WORK INSTRUCTIONS:
The response should consist of the data below, copied exactly, with no pictures in it.

RECORDED DATA:
[Start of Attachment]

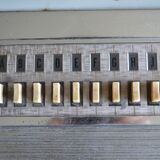 Jukebox seeburg lp console model elpc1-h5 from 1963 (functional)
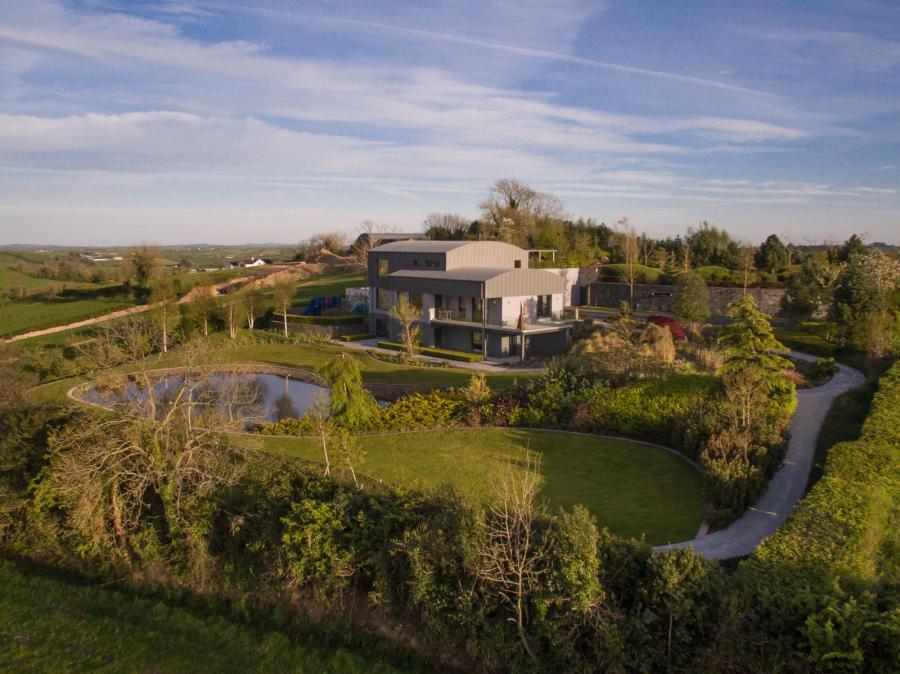 Robinsview, 94a Monlough Road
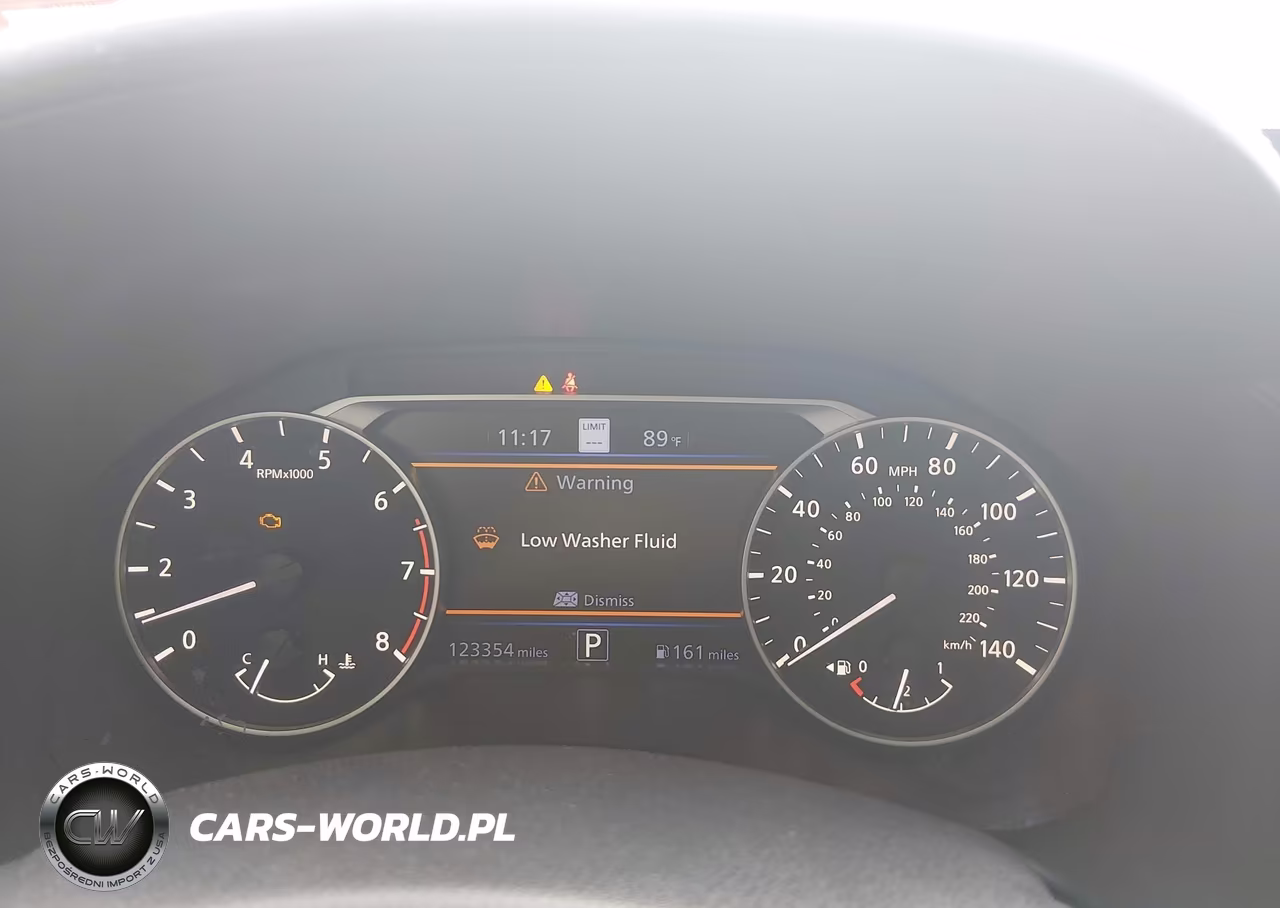2019 Nissan Altima 2.5 Sl VIN:1N4BL4EVXKC204646 - 7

[End of Attachment]

ANSWER TO THE EXERCISE:
 Jukebox seeburg lp console model elpc1-h5 from 1963 (functional)
 Robinsview, 94a Monlough Road
2019 Nissan Altima 2.5 Sl VIN:1N4BL4EVXKC204646 - 7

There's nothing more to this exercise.